## The records
______________________________

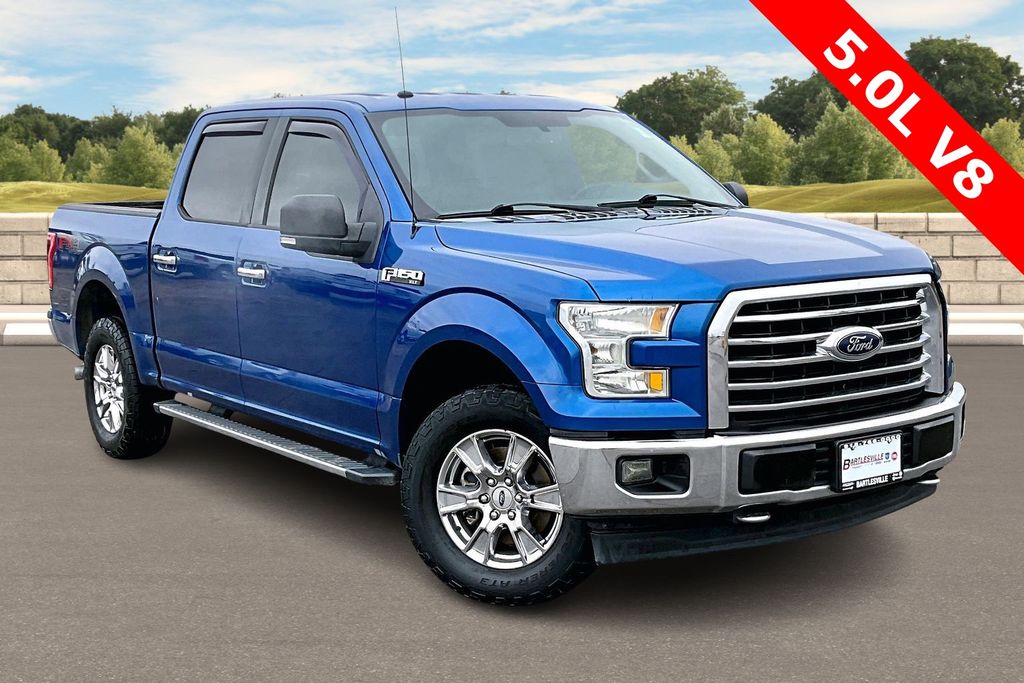 2017 Ford F-150 XLT SuperCrew 4WD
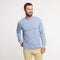 Southern Marsh M LS Seawash At The Ready Tee WASHED BLUE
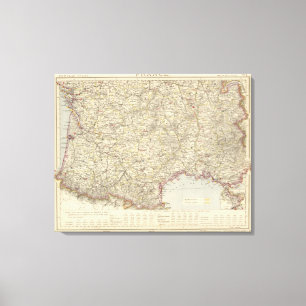 France 26 canvas print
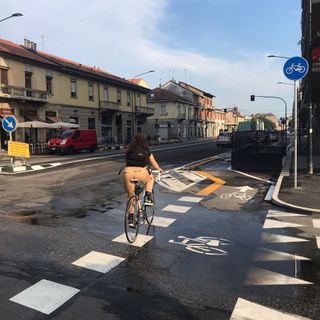 pista ciclabile
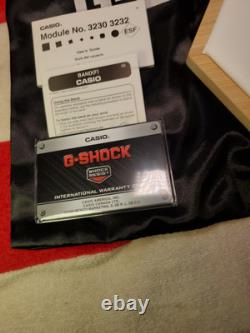Brand New Authentic Limited Edition Usa4th Of July Model G-shock Dw6900us24-2cr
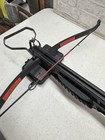 175 Lb Draw Black  Crossbow With 12 Broad Heads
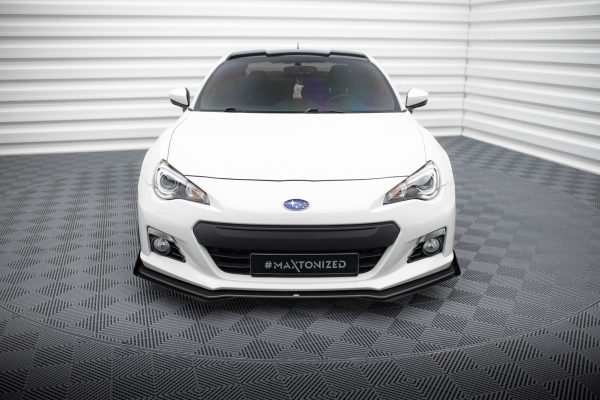 Frontleppe Street Pro Med Flaps Subaru BRZ Mk1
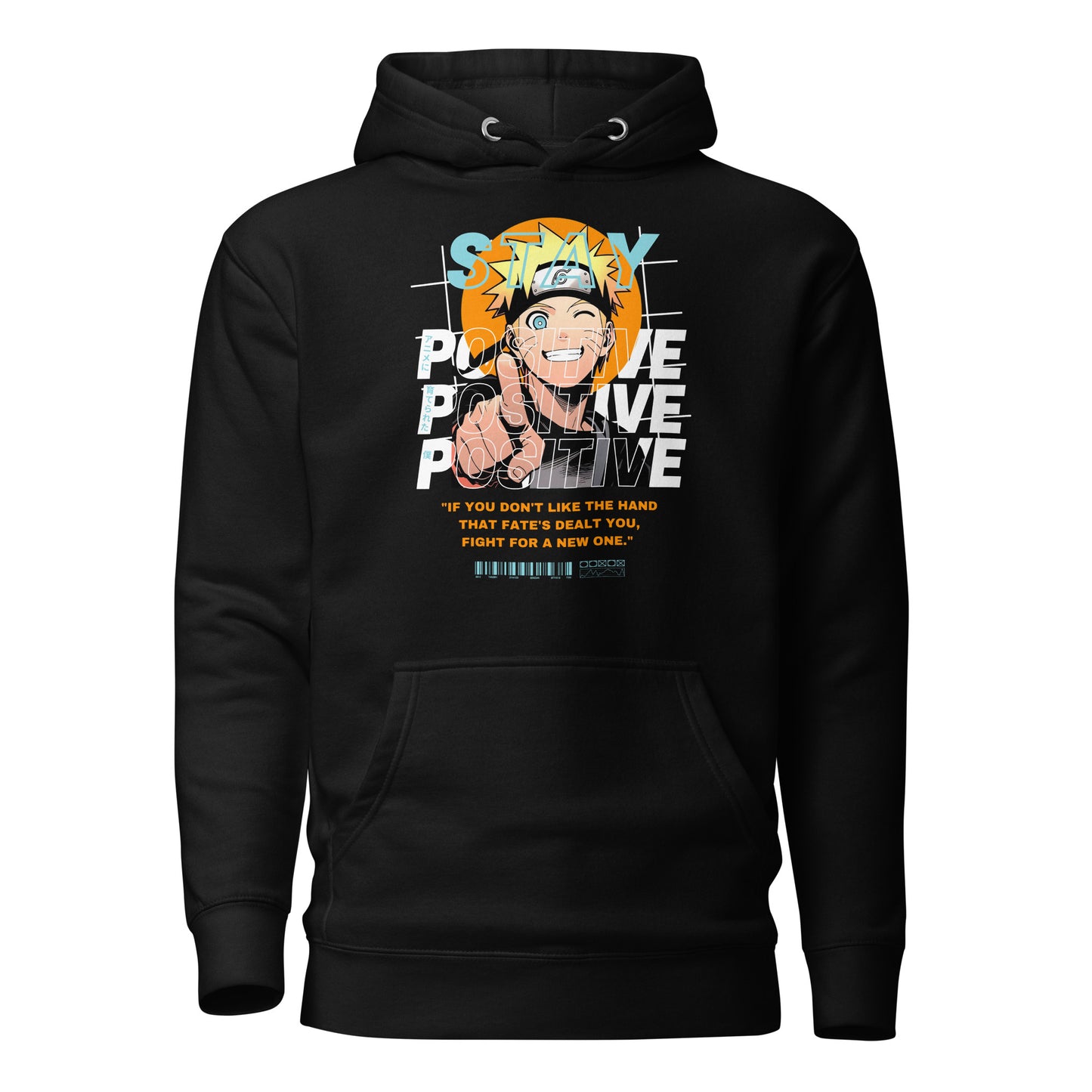 Positive Unisex Hoodie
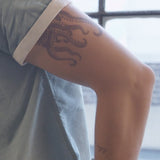Tatouage inkbox jagua semi permanent pieuvre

______________________________

## Your assignment
Take the lines from the first line of the entries through the line with "Positive Unisex Hoodie", inclusive, and give them again exactly, minus any pictures.

## Result of this task
 2017 Ford F-150 XLT SuperCrew 4WD
 Southern Marsh M LS Seawash At The Ready Tee WASHED BLUE
 France 26 canvas print
 pista ciclabile
Brand New Authentic Limited Edition Usa4th Of July Model G-shock Dw6900us24-2cr
 175 Lb Draw Black  Crossbow With 12 Broad Heads
 Frontleppe Street Pro Med Flaps Subaru BRZ Mk1
 Positive Unisex Hoodie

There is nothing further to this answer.